RIP TF, III
My fiancé’s dad passed away from injuries sustained in a motorcycle accident last Saturday. He was on vacation heading to California. He made it about halfway before the unthinkable happened. The news media says he failed to negotiate a turn, yet the crash report doesn’t even mention a turn other than it occurred near the exit. From what I can only guess right now, he should have been about ready to take an exit to fill up, so it is possible he was in the turn on the exit ramp (which the damn report should have said). We are going to the funeral tomorrow. After the funeral, I plan on making phone calls to get the secondary report which is supposed to include a diagram of the scene and I also want to see the autopsy report. Most of us are still in a state of disbelief and want to know what happened. He has been riding for 50 years…so it’s hard to believe that he simply made a mistake.
We are all in various stages of grieving. I’m fine one minute, extremely sad and filled with regret the next, and then I’ll deal with flashes of anger.
The regret is for things we didn’t have time to say, for things we won’t be able to say from now on, and for just not having more time with him. He welcomed me into the family and never made me feel left out or overlooked. He appreciated me for me.
The anger…anger at who? No one in particular. Angry at the crash report for stating the accident was in the eastbound lane when he was travelling west…not to mention the news media is reporting westbound lane. Angry that we can’t find a Will – people who matter are not fighting at all…it’s the people who don’t matter who think they are entitled to something. Angry that we had to cremate him before we could say goodbye – do I want to look at the body? No, but sometimes that’s how one can get closure.
He was at our house just last Tuesday, smiling and laughing.
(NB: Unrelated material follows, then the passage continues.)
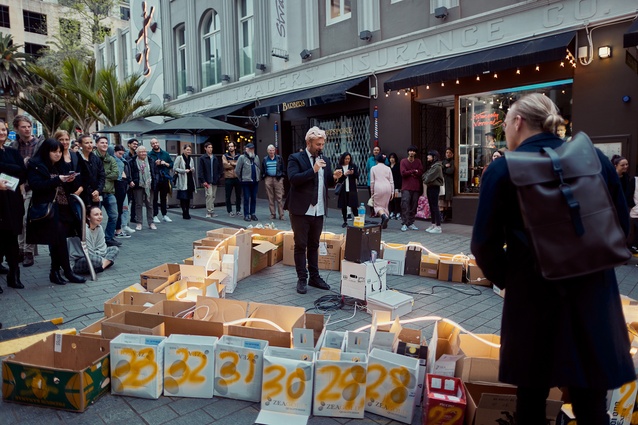 Matt Liggins' installation, <em>In the Box! Auckland</em>. From Urban Art Village 2020.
He had all his teeth removed in December and just got his new teeth in Thursday. He left in high spirits to go see one of his other sons and to meet up with a brother he hadn’t seen in 28 years.
He sent a text to us at 2:13pm last Friday. It said, “And we’re off.” He also attached a photo of a motorcycle bear that I gave him last year, so “we” meant him and the bear.
I replied, “Cool! Have a safe trip!”
I didn’t say, “We love you,” because I didn’t think about it. My last words seem hollow to me because it was a hurried reply while I was picking up his grandsons from school. I’m upset that I didn’t say more. It just never occurred to me that we might not see him again.